For virus strain GD/12, the TNF-α level of all three experimental groups increased from 2 to 6 dpi, and then returned to normal at 14 dpi (Figure 7E). The TNF-α level of the mAb D7 group at 10 dpi was significantly lower (P < 0.05) than in the other two groups, while the cytokine level did not show much difference in these three groups at the other time points.
For virus strain SD/05, the TNF-α levels in the virus-infected group and mAb D7 group were markedly higher than those of the PBS group from 4 to 14 dpi (Figure 7F). Although the TNF-α level in the mAb D7 group was also significantly higher (P < 0.05) than the PBS group, except at 2 and 10 dpi, the level in the mAb D7 group was significantly lower (P < 0.01) compared with the virus-infected and irrelevant mAb IgG groups at 6 and 14 dpi.

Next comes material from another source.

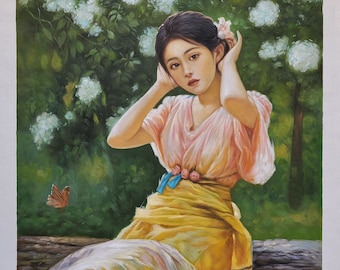 Une fille et son panier de fleurs 60 x 100 cm Peinture à l'huile originale faite à la main sur toile de lin Peinture à l'huile de travail manuel DE1 zjc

H3N2 CIV is a newly identified avian influenza virus (AIV) subtype that can infect dogs and transmit directly from dog to dog [5,8]. CIV infection has been reported in several countries, including South Korea and China [9,10,37]. It is important to develop a set of measures to prevent and control CIV infection in dogs.
Antibody-mediated passive immunity can provide protection against invading pathogens [38,39]. In this study, we developed seven mAbs against JS/10, whose pathogenicity has been characterized both in mice  and dogs . Among them, four mAbs reacted with HA. The HA glycoprotein is the primary target of antibodies that confer protective immunity to influenza viruses . Therefore, the generation of neutralizing antibodies against antigenic sites on the HA glycoprotein is regarded as a criterion for evaluating immunity to influenza viruses and is believed to constitute the main correlate of protection [42,43]. Anti-HA globular head mAbs have potent neutralizing activity against homologous strains, but have very limited breadth of reactivity because of the high variability of amino-acid changes in the HA1 globular head . HA2, which is the HA stalk, however, is a conserved region of HA among all influenza A virus subtypes [33,45] and is responsible for the fusion of the virus and the endosomal membrane during the entry of the virus into the cell . Here, western blotting showed that MAb D7 recognized the HA2 domain of H3, and had highest neutralization activities. Although MAb D7 lacked HI activity, some previous studies reported that a lack of in vitro HI activity of anti-HA2 MAbs does not rule out protective activity in vivo [33,45]. Therefore, we selected the anti-HA2 MAb D7 for further evaluation in regards to protection against different influenza virus strains.
To investigate the protection of mAb D7 against homologous and heterologous strains of H3N2 influenza viruses, we selected three virus strains to perform the challenge experiment in mice, including two strains of CIV (JS/10 and GD/12) and one strain of swine influenza virus (SIV) (SD/05). Considering that almost all H3N2 CIV isolates reported were not lethal to mice or dogs in challenge experiment [5,8,10,15,40], we evaluated the protection efficacy by body weights, viral loads and histological lesions. Body weight loss is the parameter most commonly used to evaluate influenza viral pathogenicity in mice . Our study shows that all three virus strains could remarkably reduce the growth rate of the mice after infection, while pretreatment with mAb D7 helped to control the declination to some extent. From the pathological point of view, the lung, heart and brain in mAb D7 treated groups showed markedly fewer lesions compared with the virus-infected group and mAb IgG group, with all virus strains. The pathological scores of the lungs in mAb D7 group were lower than those in the virus-infected group and mAb IgG group, suggesting that mAb D7 could mitigate the damage caused by influenza virus. These results suggest that mAb D7 could offer a protective effect against the three virus strains.
To further evaluate the effects of the anti-influenza virus mAb, we monitored viral loads by real-time PCR. The mAb D7 decreased the viral loads in the lungs to significantly lower levels, relative to those in the virus-infected group and mAb IgG group. Similar results were also found in other tissues. For JS/10, the virus in the brain and other organs of all three mice treated with mAb D7 had been cleared by 10 dpi, except for the lungs. For virus GD/12, the application of mAb D7 caused virus clearance from the intestine and feces 4 days earlier than that in the other two groups; moreover, there was no detectable virus RNA at 14 dpi. For virus SD/05, a slower rate of clearance of viral load was observed. This virus could persist and be detected in most tissues in the mAb D7 group until 14 dpi, but virus in the intestine and feces had been cleared by 14 dpi. These results indicate that protection against the virus strains provided by mAb D7 might be caused by earlier clearance of the virus from the tissues or shortening the time of virus shedding. A previous study has reported that mAbs could reduce the period of virus clearance .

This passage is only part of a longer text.